Каждые полчаса эшелоны сбавляли ход и останавливались на скотопригонных дворах, усталые тормозные кондукторы соскакивали наземь, а войска спешили из вагонов; каждые полчаса улицы еще больше заполнялись драными накидками и размашистыми руками, а на углах оставались забытыми вещевые мешки и коробки. Все солдаты, похоже, считали, будто их кто-то встречает, и, куря первые свои папиросы, с ручными гранатами, еще притороченными к ремням, они вроде бы наслаждались поисками, хотя бы недолго. В любом другом месте, кроме das Grab, такими радостными они б не были. Музыкантов, игравших некогда в «Шпортсвельте», собрали у верхнего окна пустой комнаты, и солдаты, приближавшиеся издали, слышали мелодию, подхватывали ее, пели, покуда шли мимо, а потом ее забывали. Именно в том единственном месте перед окном звучала какая-то музыка. Эрнст долго искал своего отца, ведя Стеллу через полгорода, пока наконец не достигли они дома.
За предместьями могилы, дальше запертых амбаров на окраине городка, за открытыми дверными проймами и крашеным скотом — дальше, мимо тех сотен миль полей и коровников, где старый Херман наелся до отвала и ужин свой вывалил в канаву, — все дальше, мимо тех последних аванпостов и узлов связи, дальше к морю Американская Блокада оборачивалась в тумане сперва в одну сторону, а затем в другую. Еще несколько ящиков, да бочонок, да апельсин-другой утопли в пене.
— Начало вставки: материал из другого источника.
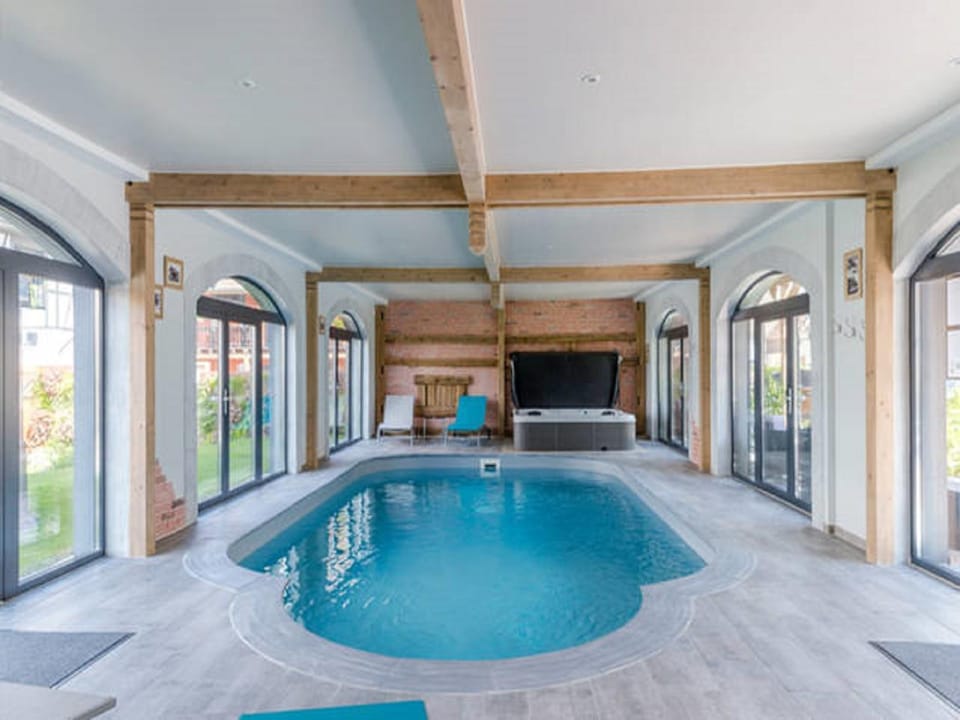 Swimming pool, Swimming pool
В этом поле хорошо организованной блокады не было шума, если не считать холодного плеска волн да шлепанья весла, уключинами наружу, о голубой прилив.
Судя по всему, Герты не было на месте, и дом стоял пустой. Стелла, утомившись от холода и долгого перехода, обрадованно не подпуская ко дню возвращения домой их голоса, вопросы и песни, дала двери обмякнуть мимо спящего караульного и с лампадою в руке помогла вернувшемуся мужу подняться по широкой темной лестнице. Покуда окопные минометы из-за города подъезжали и останавливались, затем двигались дальше, она ощущала его маленькую горевшую щеку и, ссутулившись, расстегивала на нем трепетавшую рубашку.
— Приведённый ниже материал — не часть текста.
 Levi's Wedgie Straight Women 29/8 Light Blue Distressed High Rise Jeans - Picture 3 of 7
Герта хладнокровно ковыляла на тощих ногах средь мальчишек, парик на ней привязан желтой лентой, юбка запуталась на ее иссиня-черном бедре, — старая неуклюжая потаскуха, солдатская девчонка. Нипочем бы не стала связываться она со слепцами — те ее пугали. Однако накануне днем она повстречалась с мальчишкой и высушила ему перевязку, спела, дабы не падал он духом, пока толкает другого в его красном ящике. Ее поспешно несло, болтала она громко, в сутолоке, то и дело рука падала на влажное плечо или в раззявленный карман. Красный ящик громыхал на своих тележных колесах, повязки серели от угольной пыли, со спутанной товарной станции звали гудки, а промокшие апельсины медленно утопали в густом теченье океана. В карманах, обнаружила она, содержались только фотокарточки покойных.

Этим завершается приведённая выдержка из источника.